## THE TASK
The records that follow need to be printed exactly. Leave out each image.

## TASK INPUTS
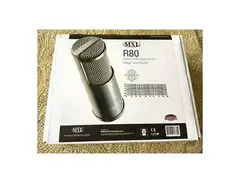 MXL R80 Ribbon Microphone main image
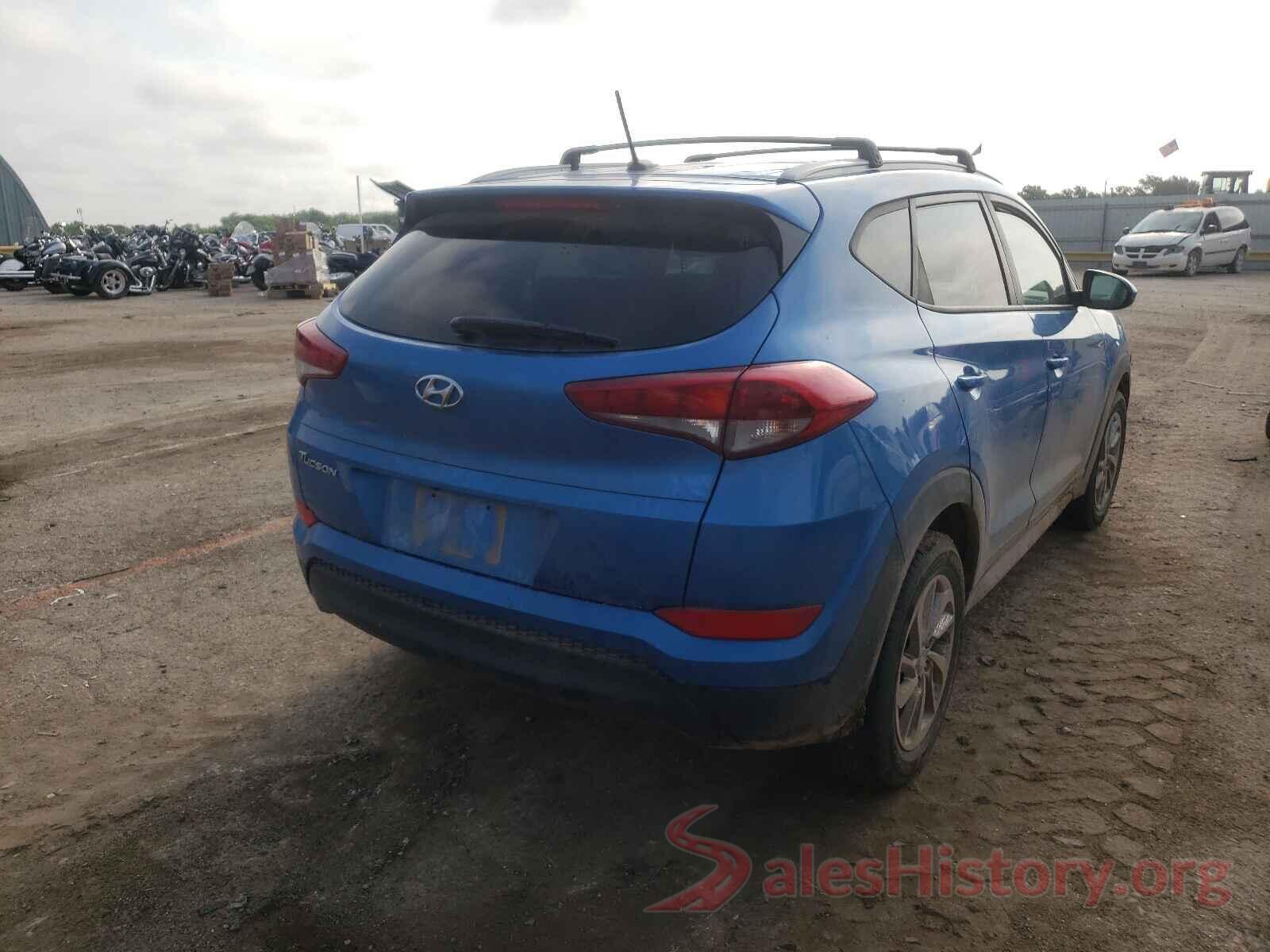 KM8J33A44GU188163 2016 HYUNDAI TUCSON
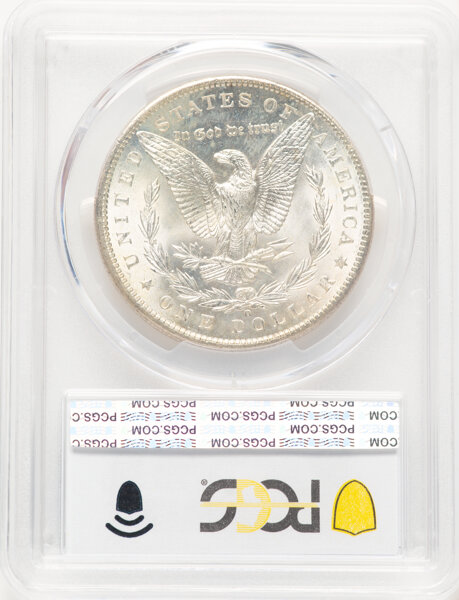 image for: 1900-O $1  PCGS MS65
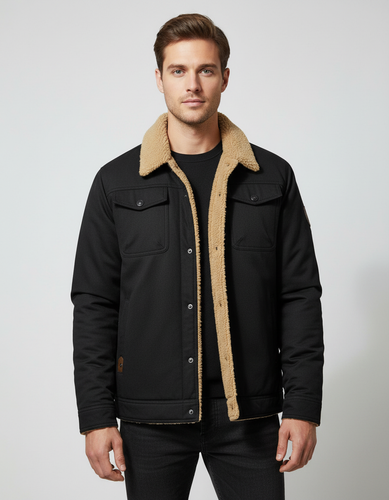Leichte Winter Bomberjacke Herren | Drune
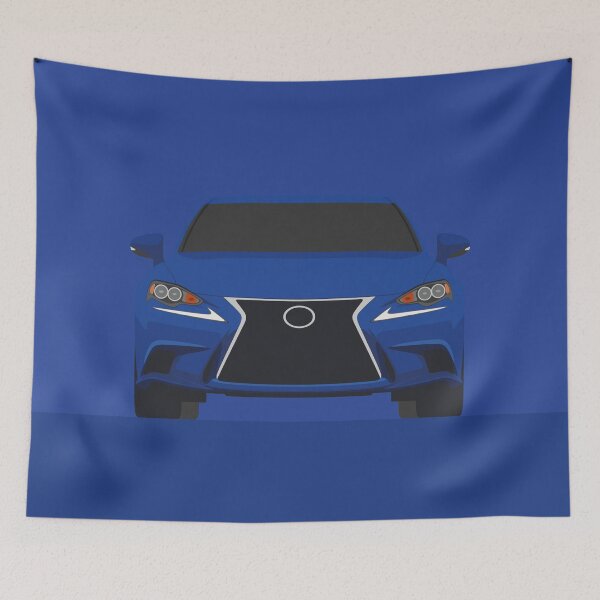 Item preview, IS F Sport - Vector drawing designed and sold by yohannlp.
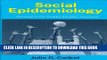 Social Epidemiology: Strategies for Public Health Activism Hardcover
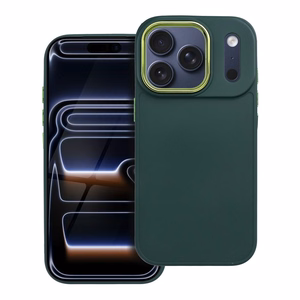 Suojakuori iPhone 17 PRO:lle Frame vihreä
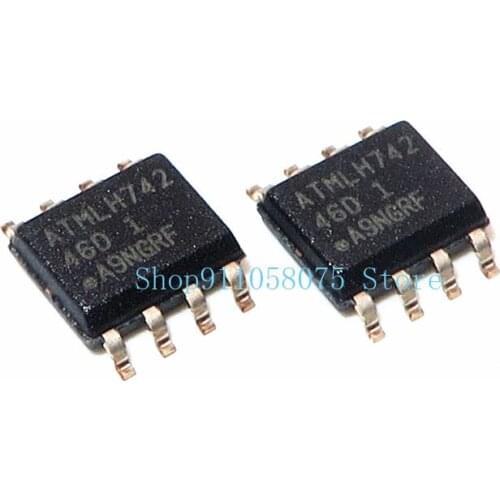 Free freight AT93C46DN-SH-T AT93C46DN SOP-8 50pcs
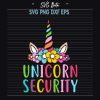 Unicorn Security Svg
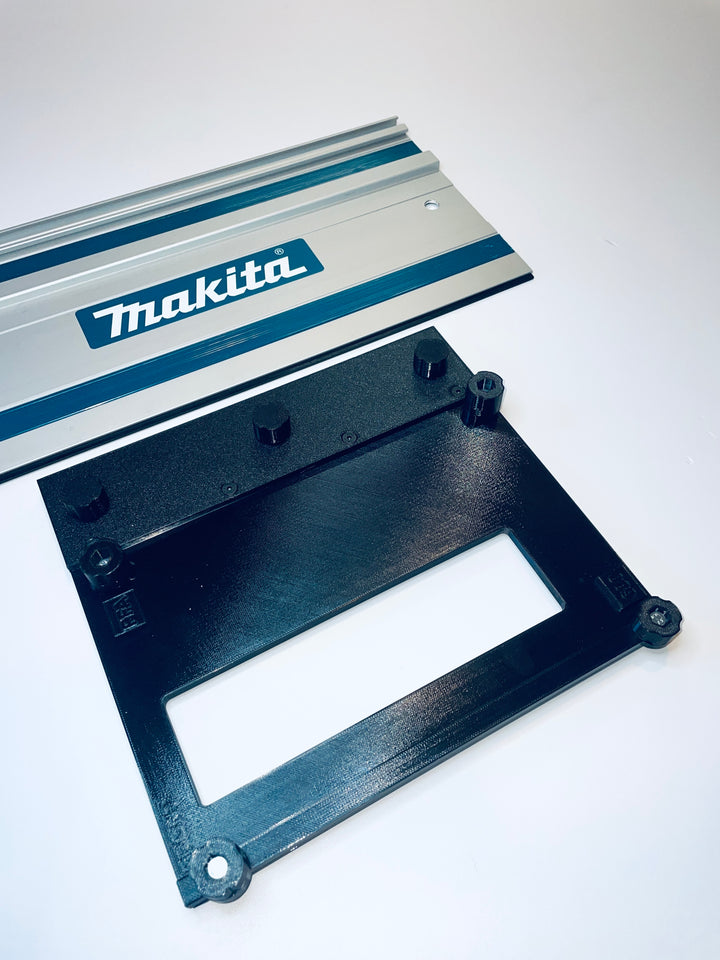 Makita DHS680 DHS680Z Circular Saw Guide Rail Adapter for Makita Guide Rail Track 45° Cutting Version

## TASK RESULT
 MXL R80 Ribbon Microphone main image
 KM8J33A44GU188163 2016 HYUNDAI TUCSON
 image for: 1900-O $1  PCGS MS65
Leichte Winter Bomberjacke Herren | Drune
 Item preview, IS F Sport - Vector drawing designed and sold by yohannlp.
 Social Epidemiology: Strategies for Public Health Activism Hardcover
 Suojakuori iPhone 17 PRO:lle Frame vihreä
 Free freight AT93C46DN-SH-T AT93C46DN SOP-8 50pcs
 Unicorn Security Svg
 Makita DHS680 DHS680Z Circular Saw Guide Rail Adapter for Makita Guide Rail Track 45° Cutting Version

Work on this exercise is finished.